Scottish Energy Minister Fergus Ewing is to chair an emergency summit with the green energy sector today amid concerns about the impact of the UK Government’s decision to end a subsidy scheme for onshore wind farms.
Representatives from 130 businesses and communities, who are all affected by the scrapping of the Renewables Obligation, will take parts in the talks.
First Minister Nicola Sturgeon and others in the Scottish Government have already spoken out against plans to end the subsidy payments a year ahead of schedule, while industry leaders Scottish Renewables has warned the move could put up to £3 billion of investment in Scotland at risk.
Speaking ahead of the meeting in Glasgow, Mr Ewing said: “We fundamentally disagree with the UK Government’s decision to prematurely end support under the Renewables Obligation for the onshore wind sector and today’s meeting is an opportunity to hear about the impact this will have.”
He condemned the Tories at Westminster, saying: “This is exactly the sort of meeting the UK Government should have held before making their announcement which ignored the concerns of many businesses, organisations and communities across Scotland.
“There are many communities and companies who have invested significant amounts of money in renewables schemes and have now found the goal-posts have been moved, putting crucial investment and jobs at risk.

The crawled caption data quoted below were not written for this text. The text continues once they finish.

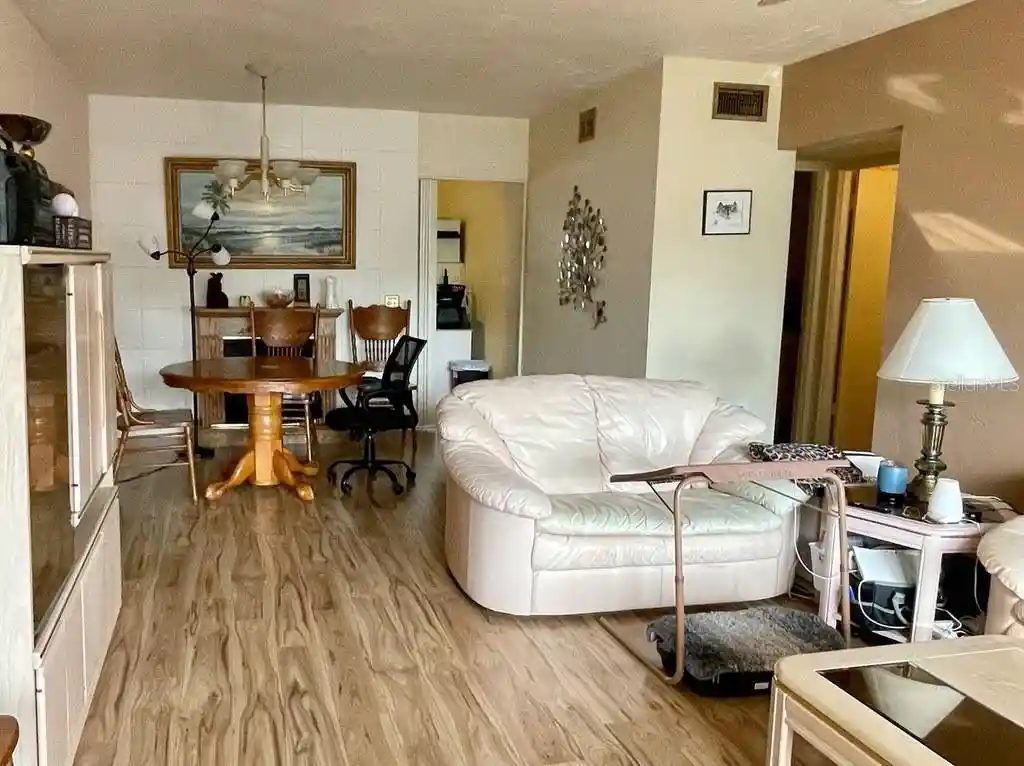 4th image of 4060 55Th St N, KENNETH CITY, FL 33709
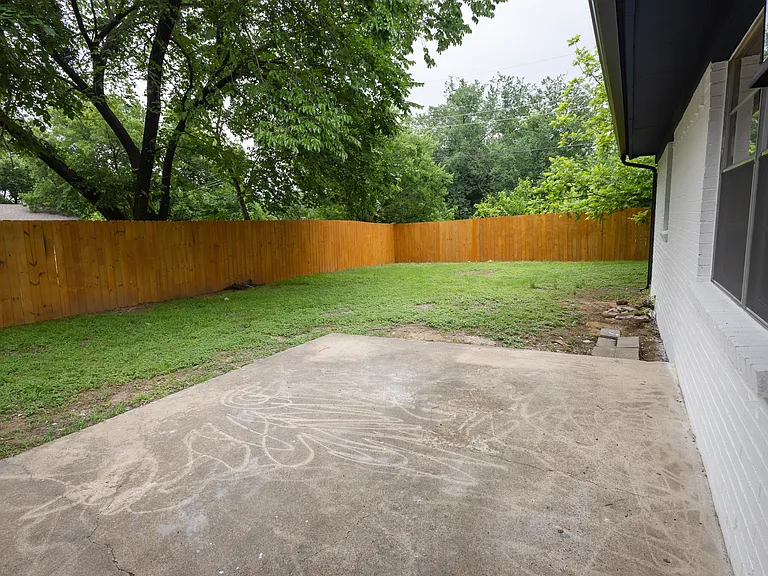 3812 David Ln — Photo 37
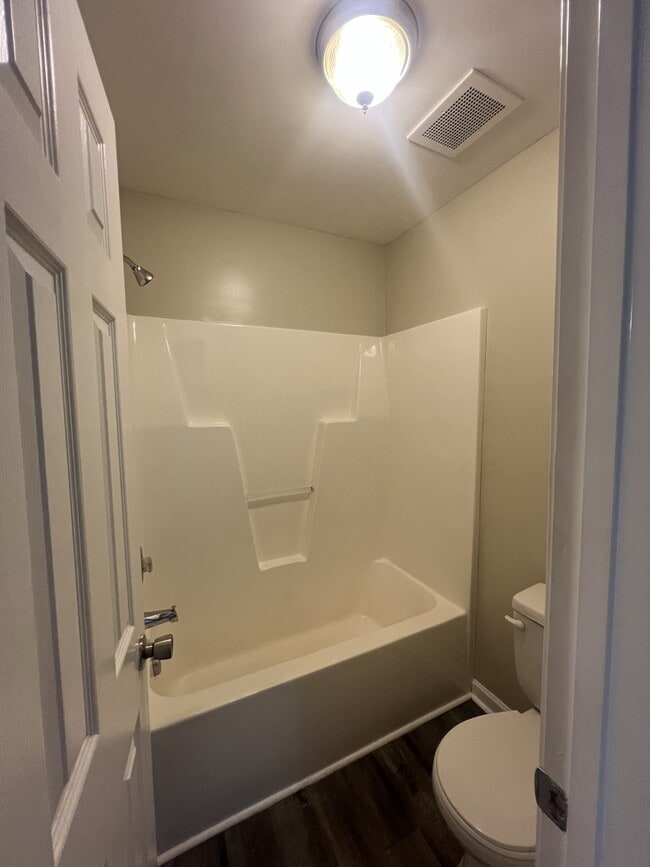 Building Photo - 8020 Tremaine Ct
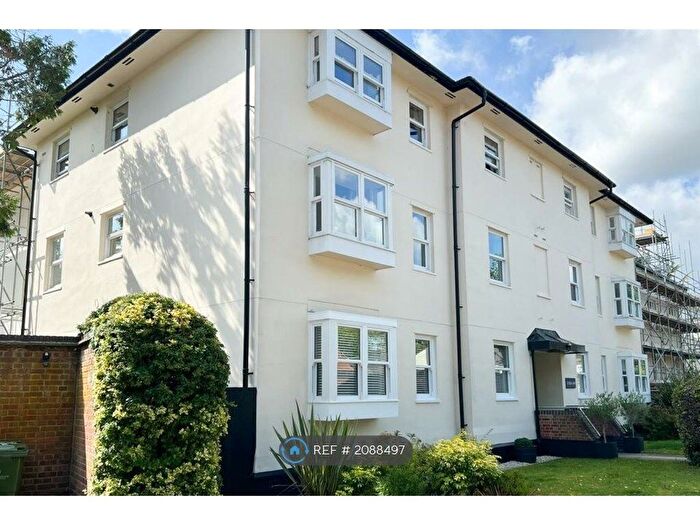2 Bedroom Flat To Rent In Eltham Lawn, Cheltenham, GL50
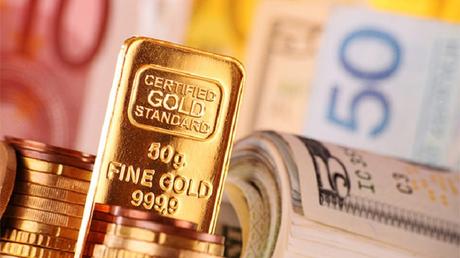 Oro e valute: una forte influenza reciproca Oro e valute: una forte influenza reciproca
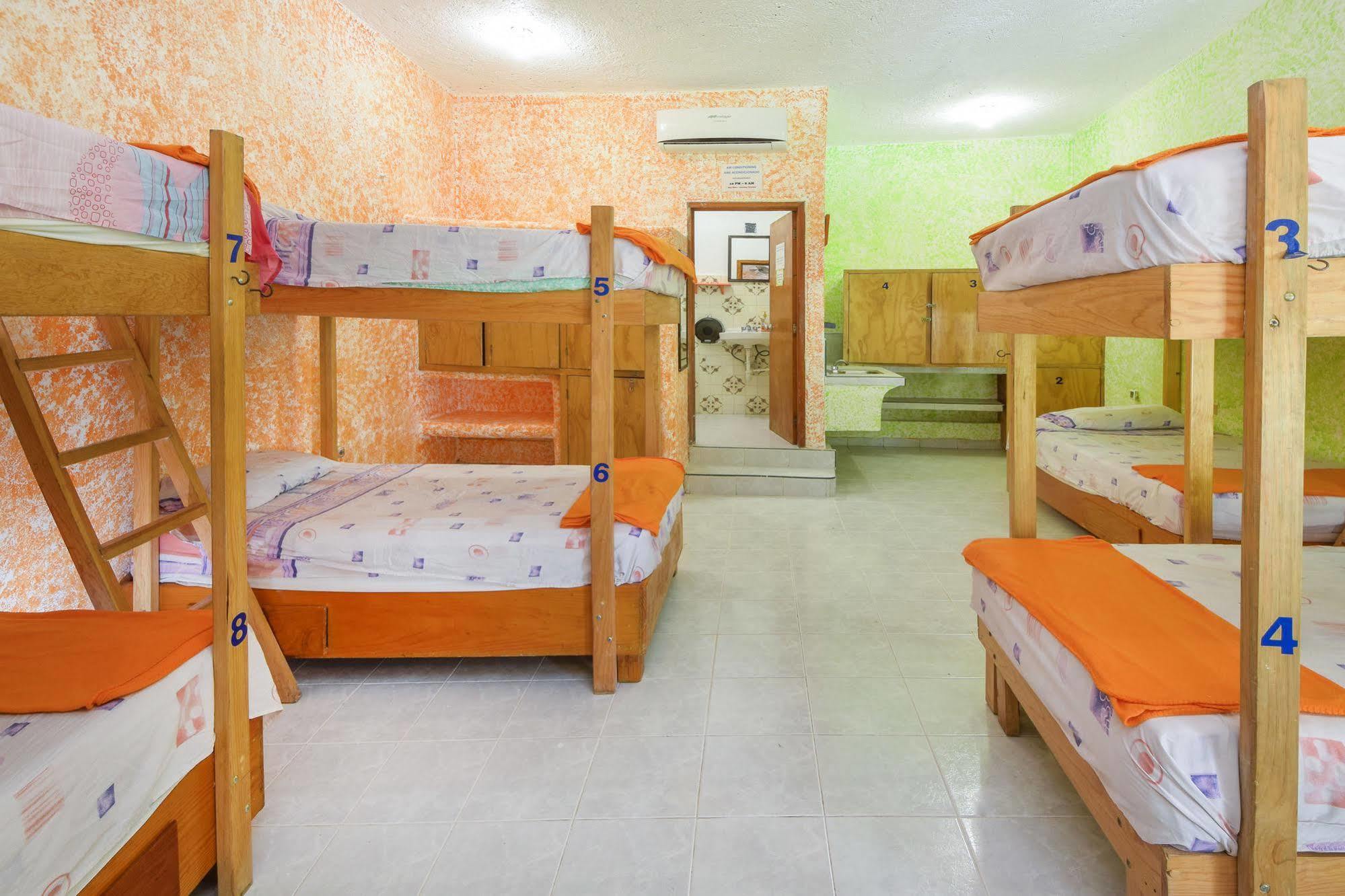 Amigos Hostel Косумель Экстерьер фото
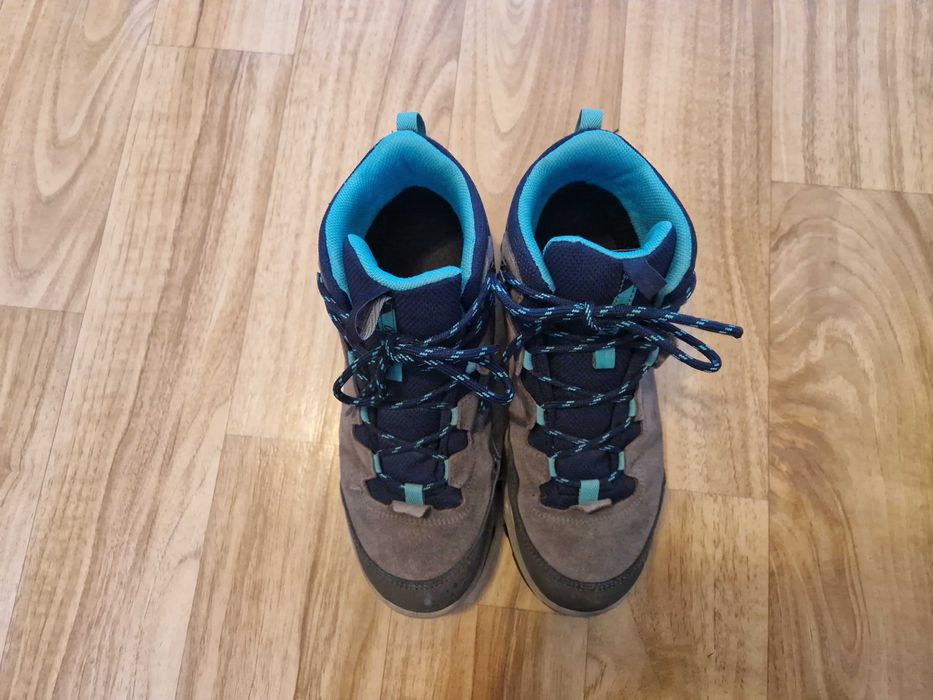 Buty młodzieżowe QUECHUA Traperki / Zimowe rozm. 39 - Tanio, Warszawa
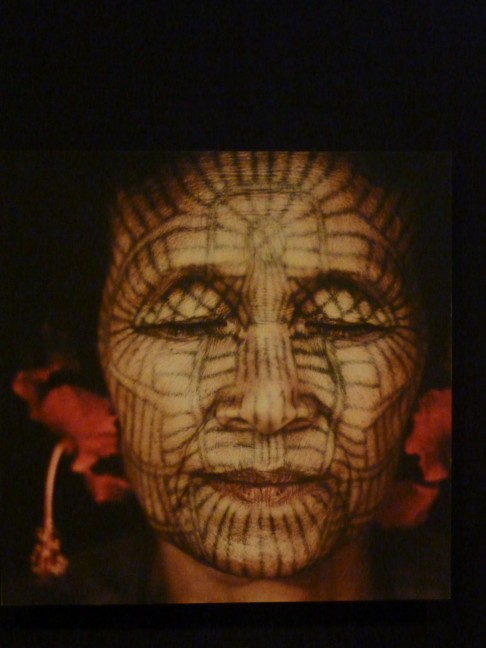 Die Frauen der Chin in Burma werden beim Übergang von Kindheit und Erwachsensein tätowiert und zwar nur von weiblichen Tattoo-Spezialistinnen. Die Muster wechseln von Clan zu Clan, die genauen Bedeutungen sind noch unerforscht.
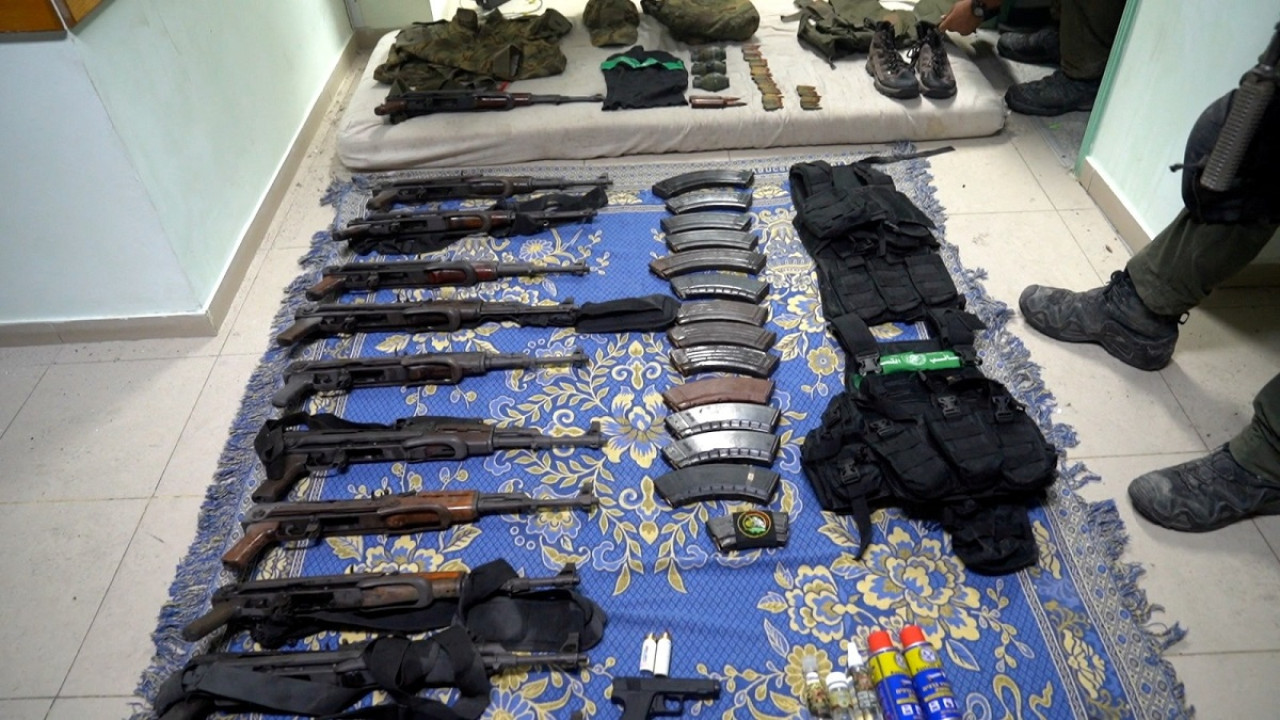 Las armas halladas en el hospital Al Shifa. Foto: Reuters.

“I am keen to listen to their concerns, understand the impact and continue to work together in making representations to the UK Government.”
Scottish Renewables chair Patricia Hawthorn, who will open the event with Mr Ewing, said: “We welcome the opportunity for our onshore wind industry members to engage with the Scottish Government in seeking constructive solutions to this very serious issue.”
Lang Banks, director of WWF Scotland, said: “With the right kinds of support north and south of the border, Scotland could generate all its electricity needs and more from clean renewable sources.
“However, the recent decision to cut support early for the lowest cost renewable technology threatens to curtail that ambition.
“What is needed most is investment certainty for the renewables industry, the powers for which mainly reside at Westminster.
“However we very much hope that today’s summit can help identify other ways forward to ensure this clean energy source can meet its true potential.”